Она снова и снова шептала мне это в волосы. Потребовалось одиннадцать раз, пока мои рыдания утихли. «Я с тобой».
СЕЙЧАС
Сомневаюсь в качестве здешнего обслуживания, но скажу одно: если вы разбираетесь в сортах пластмасс, то Эдинбургская психиатрическая больница — самое подходящее для вас место.
В восьми с четвертью метрах от меня, в дальнем конце комнаты, которая только в этих краях могла получить оптимистическое название «солнечной», обедают мужчина и женщина. Возя пластмассовыми ножами и вилками по небьющимся пластмассовым тарелкам, они набивают рты пластмассовой едой, усевшись на диване, обтянутом винилом, который, по сути, если кто-то вдруг забыл, тоже является пластмассой. Три желтые пластмассовые герани стоят в пластмассовой вазе на пластмассовом столе под пластмассовым окном. Само окно, увы, не пластмассовое, но забрано решеткой стальных прутьев, чтобы никто из жильцов не разбил стекло и осколком не перерезал глотки себе или друг другу. Ковер, однако, постелили буро-коричневого цвета — лишние меры предосторожности, видно, никогда не помешают.
— Ты хоть представляешь, — шепчет Ингрид, склоняясь ко мне, — как это тупо?
Она задавала мне этот вопрос вчера ночью на автостоянке, когда, кутаясь от пронизывающего ветра, открывала ноутбук на капоте машины, чтобы поймать больничный вайфай — цифровой хирург, по локоть забравшийся во внутренности регистрационной системы Музея естествознания.
— Я точно знаю, насколько это тупо, — сказал я ей тогда, но она все равно продолжала нагнетать:
— ЛеКлэр уже навещала Ригби, не забыл?
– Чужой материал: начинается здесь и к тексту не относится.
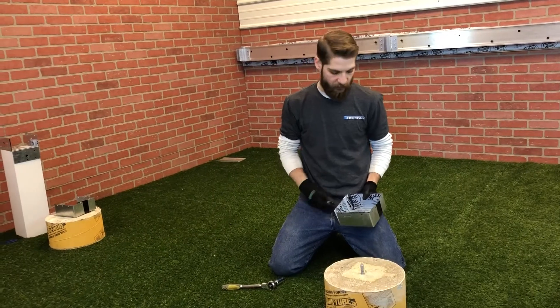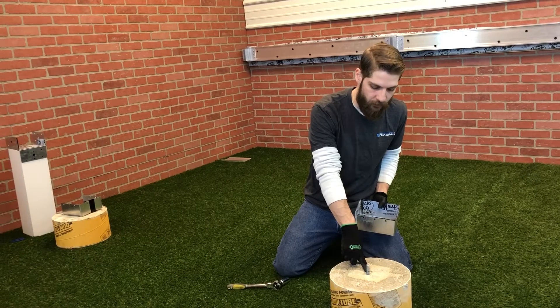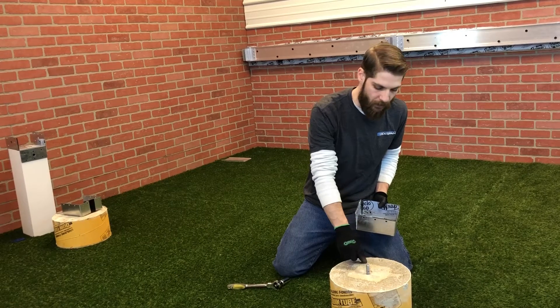To install your Simpson Strong-Tie post base, you're going to want to find where your center hole is using your plan drawings, drill a hole using a concrete drill bit, and insert your concrete anchor.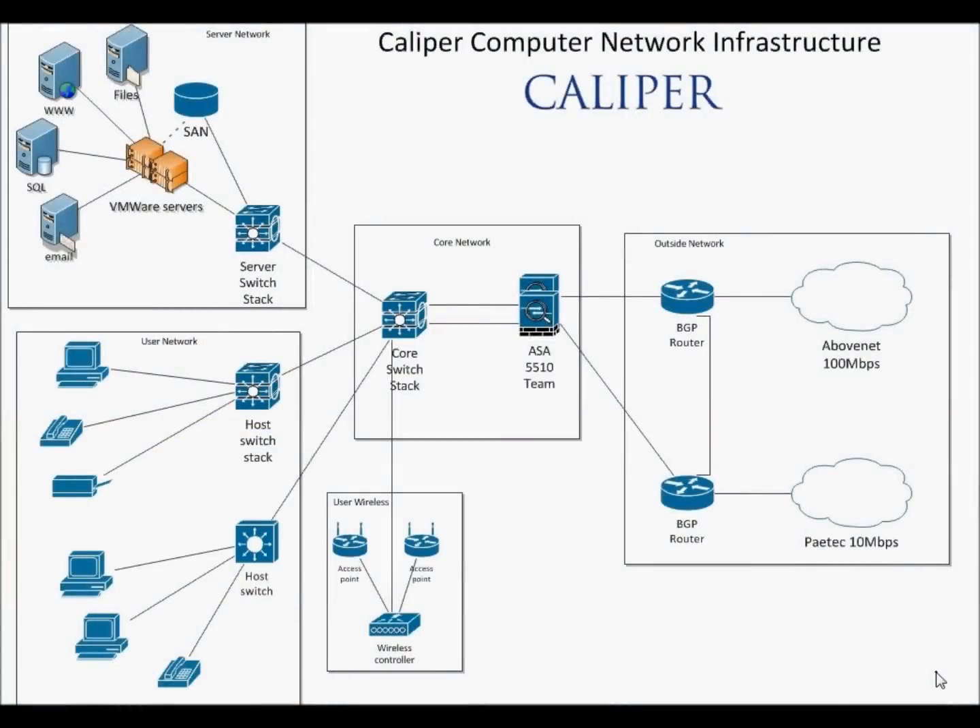This is CCNP Pro and in this tutorial I'll be showing you how to create a network that has 99.999% uptime, or the famous five nines. Now how do you get a network this reliable? I'm going to show you starting with the outside network, then work my way into the core network, and finally we'll go over some of the switching setup.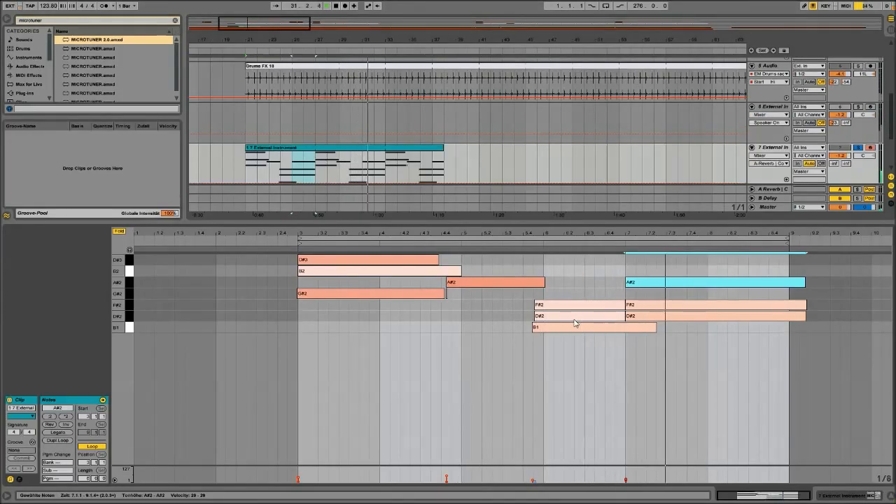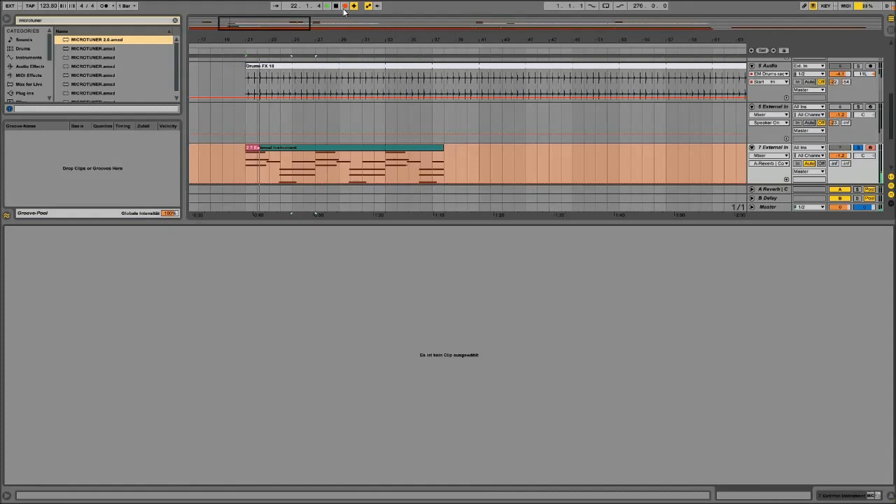We want to record something pitch-bent in there, right? It doesn't matter what — as you can see, everything is still nice, we are still in pitch.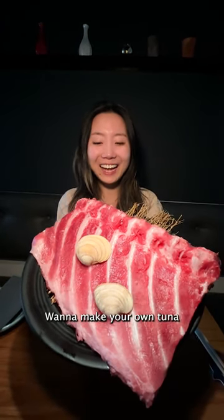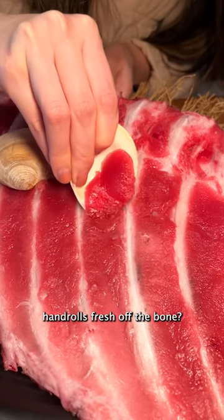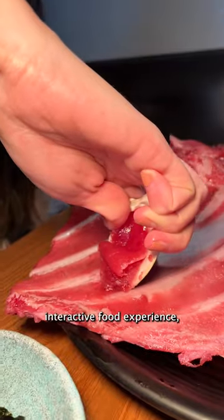Look at this gigantic tuna rib. Want to make your own tuna hand rolls fresh off the bone? For a unique and interactive food experience,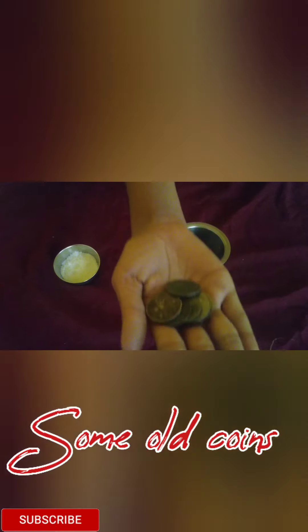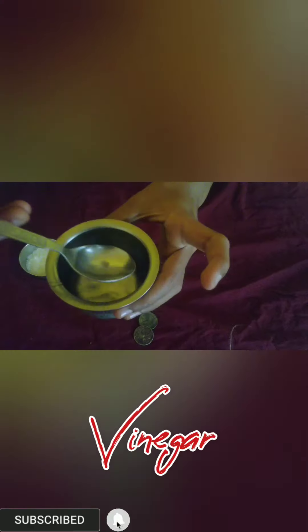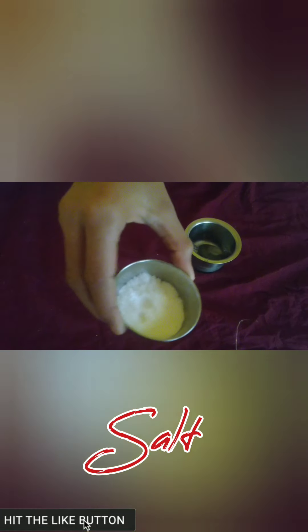We need some coins. You can use some vinegar, and some salt.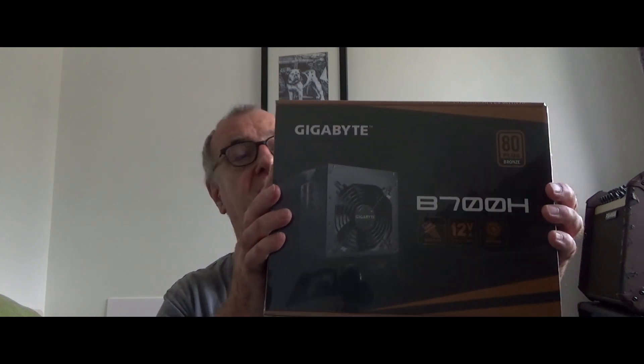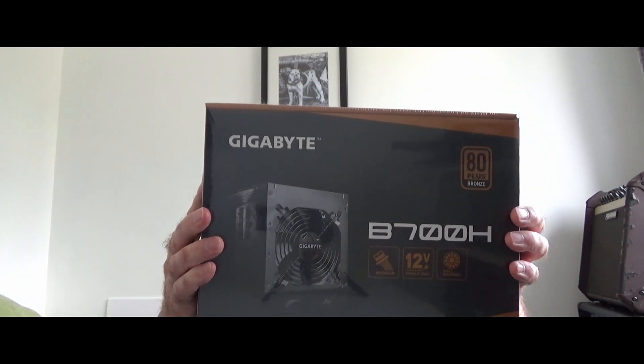To power this I've got a Gigabyte B700H modular power supply. This is the first time I've built a computer using a modular power supply and it does help to reduce the rats nest of cables inside the computer, because you only use the cables that you need for the actual components running within the PC.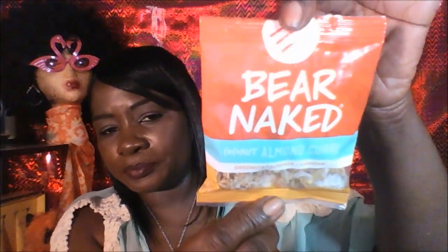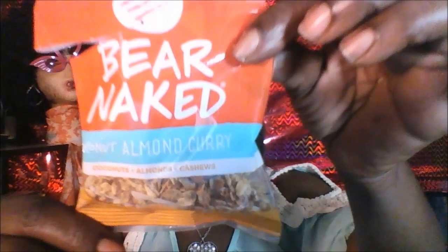The next thing I'm going to try is the Coconut Almond Curry Granola by Bare Naked. It has coconut, almonds, and cashews in there. That's how it looks on the inside. You can see the coconut here, that's an almond, and these are the curries. That's not bad — pretty darn good.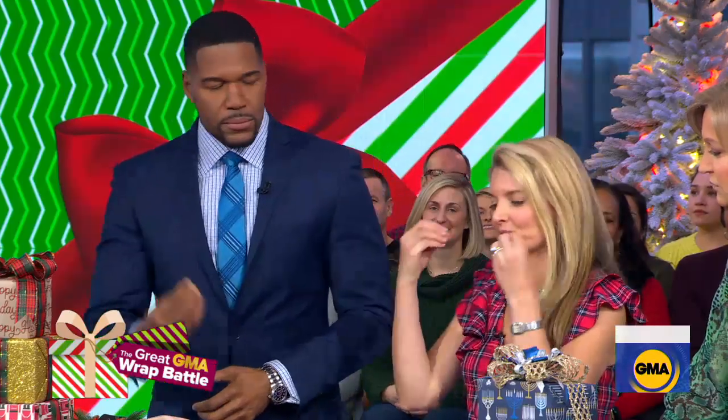Hey there, GMA fans. Robin Roberts here. Thanks for checking out our YouTube channel — lots of great stuff here. Click the subscribe button right over here to get more awesome videos and content from GMA every day, anytime. We thank you for watching, and we'll see you in the morning on GMA.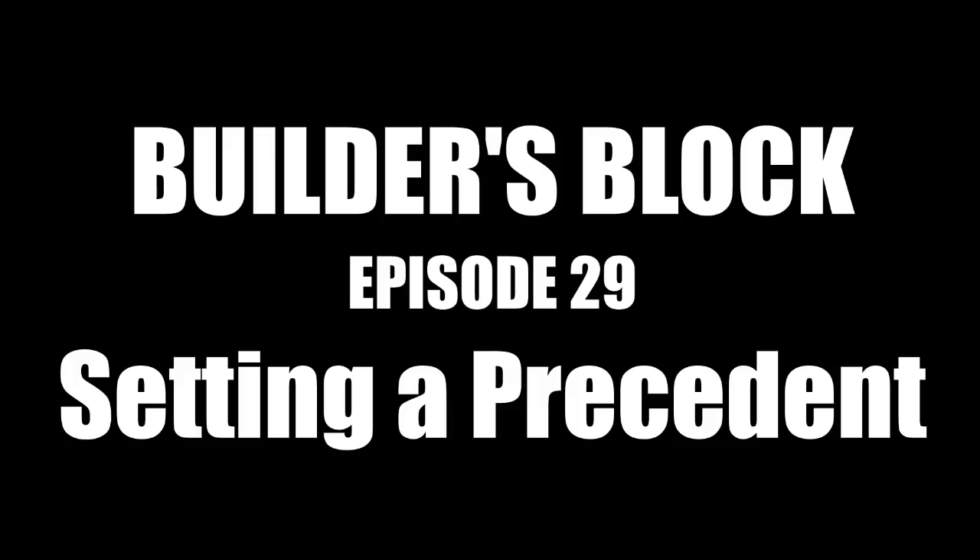Hey guys, Rollout here and welcome back to Builder's Block. This week we've got another attempt at a transformer, a couple of fun experiments, and we're going to try something a little different at the end, so let me know what you think. If you like what we do here, you can help support the show on Patreon — I post daily updates, there's a Discord server, and I'm offering my creations for sale over there. You can also support the show by liking and sharing this video. Without further ado, let's get started.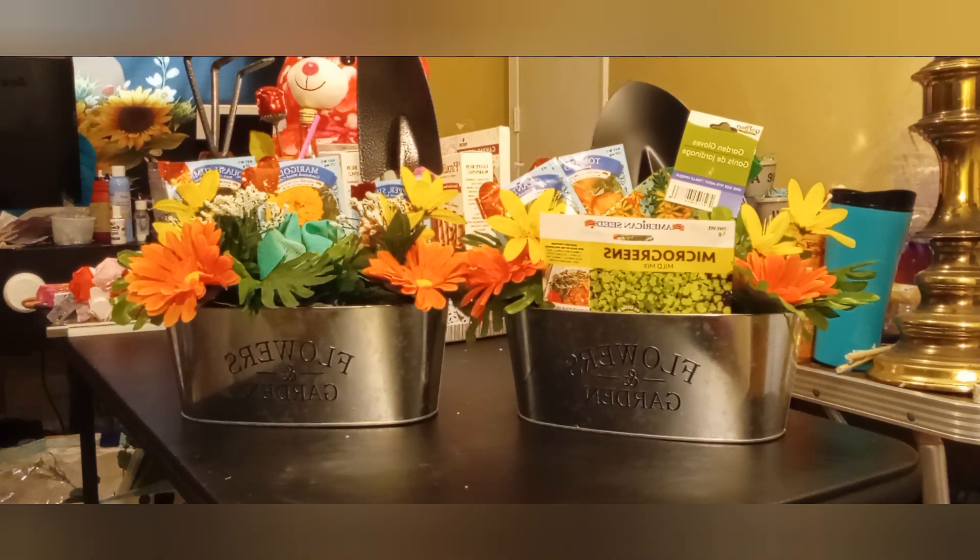This one has the shovel and the rake — depends on your language. This one just has the shovel because I couldn't find the other one. I actually got this set last year from Family Dollar, but everything is Dollar Tree. I just added the flowers to give it some oomph.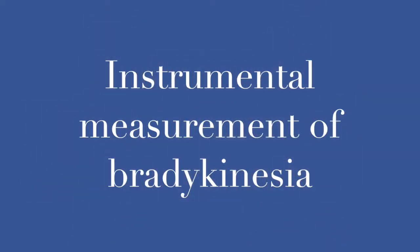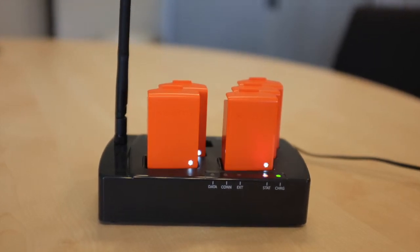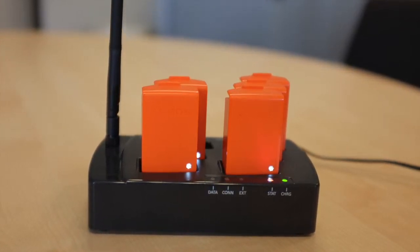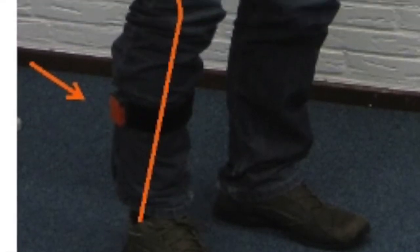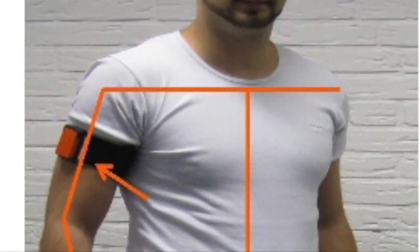Instrumental measurement of bradykinesia. For the instrumental measurement of bradykinesia, the patient has to do four motor tasks. Performance on the task is captured with five inertial sensors. These sensors are attached to the subject's dominant upper and lower arm, leg, and waist.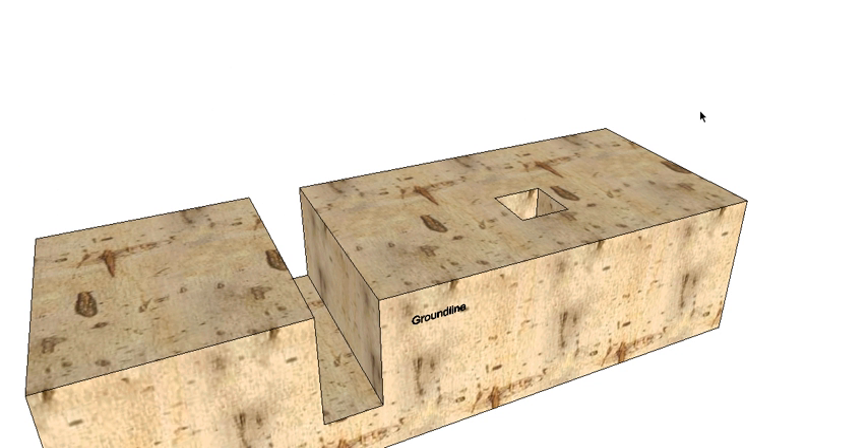G'day and welcome back to Buildsum. In this video I want to show you a section through a brick veneer house, which is going to be similar to the last video I did, but the main difference with this one will be that it will have a platform floor rather than a concrete slab - so I'm going to go for a timber platform floor.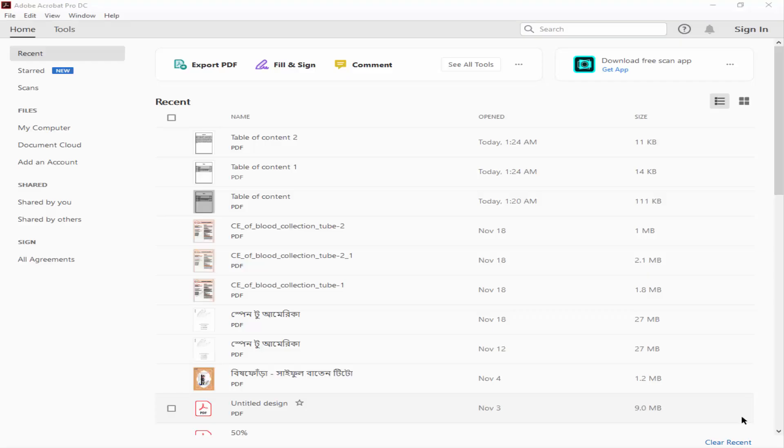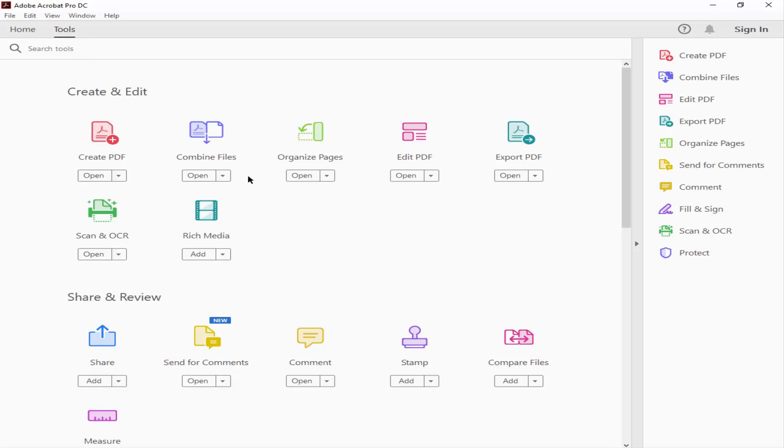Assalamualaikum. In this video I'll show you how to combine multiple PDF files into one using Adobe Acrobat Pro DC. Let's get started. Firstly, open your Adobe Acrobat Pro DC program and go to the Tools menu, then click Combine.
Она наблюдает за ним. Когда до ее сведения доведут, что его навещал покойный сын… — она недовольно покачала головой. — Едва ли ее первой мыслью будет то, что к Ригби явился сыновний дух. Если ЛеКлэр еще не догадалась, что мы в Эдинбурге, то завтра догадается. Питти, нужно уезжать, и как можно быстрее.
— Так уезжай. Я остаюсь здесь.
— Зачем?
Я не отвечаю, но перед глазами стоит Бел, которая сжимает мою руку, пока я лежу на больничной койке, и говорит:
— Кто это сделал с тобой, Питти?
В лице Ингрид, выхваченном светом ноутбука, читалась беспомощность. Но она все поняла и даже не подумала уходить.
— Спасибо, — искренне поблагодарил я. — А теперь давай ноутбук.
Она передала мне компьютер, и я сделал запись задним числом — семьюдесятью двумя часами ранее, за минимальный срок уведомления о повороте любой гайки в психиатрическом маховике медицинской бюрократической машины.
— Пит, — фыркнула она, но тон ее был примирительным. — Откуда ты вообще знаешь столько всего о психушках?
Мне не обязательно было отвечать, она все могла прочитать по моему лицу. У меня две области специализации, Ингрид: цифры и страхи. А цифры, связанные с психушками, вызывают особенный страх.
По меньшей мере тридцать тысяч человек против своей воли ежегодно содержатся в лечебницах в соответствии с законом о психическом здоровье. Скорая, больница и поворот ключа в замке. С этого момента государство берет вас под свой контроль: решает, когда вам есть, когда спать, когда мыться. А если вы будете сопротивляться, в ход пойдут резиновые наручники, колено упрется в позвоночник, галоперидол, впрыснутый в обездвиженную руку, закружит желудок в водовороте, притупляя ваш мир до состояния невнятной апатии.